The feelings are partially engendered by viewers' "being reminded of their own helplessness," Sister Anne noted. "It gets us in touch with our own poverty," both materially and spiritually.

After 9/11, she counseled families to fight desensitization by turning off horrific images on TV and in still photos if they became too much, but she added that looking away was not license to stop looking at all or "disengaging ourselves" from being involved with the restoration process.

Ceasing to read the paper totally is just as destructive as allowing ourselves to be saturated by the stories and images, she said.

"We still have to be in touch with reality," she said. "We have to stay connected to one another. That's the way we keep ourselves healthy and keep others healthy. [Catholics] are called to give as much as we can on every level, whether that's financially or with prayer. Sometimes, we feel we have to close our eyes; maybe that's the time we whisper a prayer. Maybe that's the time when we ask ourselves, 'What can we do?'"

Talk about it

Depressed or withdrawn feelings can be internalized, Sister Anne explained; when "we don't talk about things, they get bigger."

So she advises those who may be feeling overwhelmed by events to talk about their fears and hopes with family and friends, as well as to "listen to ourselves and hear our own concerns."

Another good way to stop looking inward is to redirect those thoughts outward, she said, and "really think about our neighbors," whether they are nearby or in a foreign country.

"Everyone is connected," she said.

Giving limits

Many Catholics, Sister Anne said, are worried about their ability to continue giving or wonder where their responsibility to alleviate disaster lies in comparison to duties to their families.

Is there a point, Catholics ask, where they should stop giving?
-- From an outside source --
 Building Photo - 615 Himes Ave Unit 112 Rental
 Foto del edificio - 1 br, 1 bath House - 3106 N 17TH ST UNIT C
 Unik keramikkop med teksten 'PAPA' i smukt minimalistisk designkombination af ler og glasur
"When we get to that point where we say, 'I can't do this,' it doesn't mean that we're bad Christians or that we don't care," she said. "It means that we have to prioritize. We have to clothe and feed and keep our families safe and secure. At the same time, we have to ask, 'How can we also help other people?'"

What's enough?

This year, Catholics in the Albany Diocese have sent more than $2 million dollars to assist victims of the tsunami and Hurricane Katrina, and may wonder "if we've given beyond what we are supposed to give," she said.

Catholics, called to be stewards of the world around them, are neither allowed to abdicate responsibility for what happens in the world nor required to give beyond their means, said Sister Anne.

A family worried about this winter's rising heating bills and gasoline prices, she said, might look to other ways to help the poor. Some of these ways could be offering their time at a food drive for Katrina victims or sending the money they would have spent at a restaurant to relief efforts.

"We have to listen to each other differently -- parents to children, families to families -- and listen to ourselves and hear our own concerns. We can't change things [in a natural disaster], but we can figure out how to help.

"We always think of money as the only solution, but it doesn't have to be that way. We can pray. There are many simple, little ways that we can teach others to stay connected. We can think of making a little difference on some level."